UC Santa Barbara  /  Essays  /  Prompt 7

UC Santa Barbara: Improving your school or community

350 words

What have you done to make your school or your community a better place?
What it’s really asking

UCSB cares about service that is real and sustained, not a one-time photo op. Define your 'community' however fits you (your block, your team, your family, an online group) and show a specific, lasting improvement you helped create. This is one of the most popular PIQs, so the way to stand out is a small, concrete, true story rather than a sweeping claim about changing the world.

Why they ask it

This prompt reveals your values and your follow-through. A modest improvement you actually saw through beats a grand initiative described in vague terms, because readers can tell the difference instantly.

Three ways in
A specific problem you helped fix

A concrete problem in a place you belong to, and the specific change you helped bring about.

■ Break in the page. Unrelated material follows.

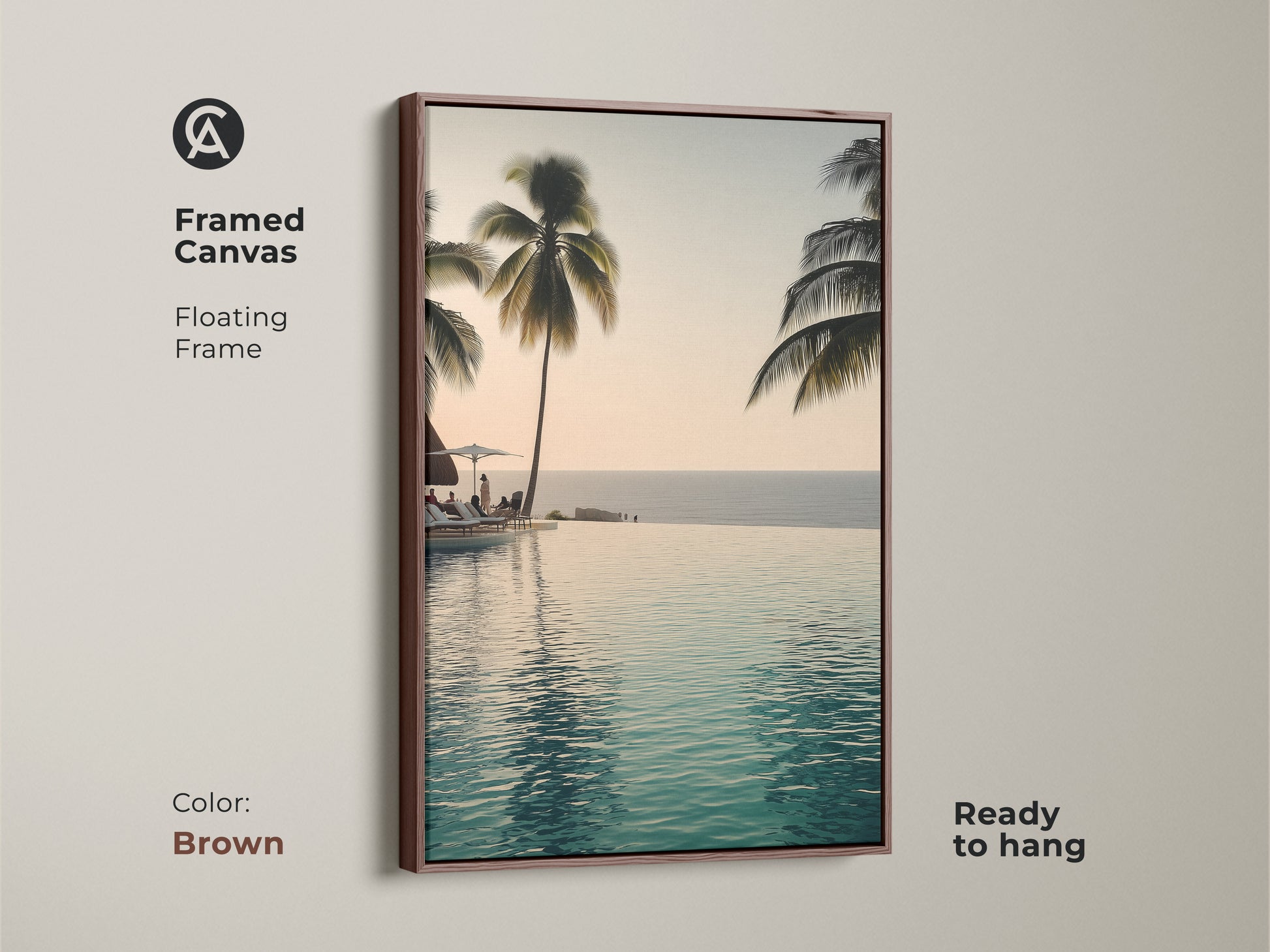 This framed canvas features an infinity pool with palm trees. A floating frame in brown makes it ready to hang. Enjoy a coastal ocean view with this tropical beach landscape artwork.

An unassigned, ongoing contribution

A quiet, recurring thing you do for your community that nobody told you to do.

A change that outlasted you

Something you started or fixed that is still running now, even without you tending it daily.

✕  Weak opening

“I have always believed in giving back to my community, so I volunteer whenever I get the chance to help those in need.”

✓  Strong opening

“The free pantry outside our library kept going empty by 9 a.m., so I started tracking which days it ran out and why.”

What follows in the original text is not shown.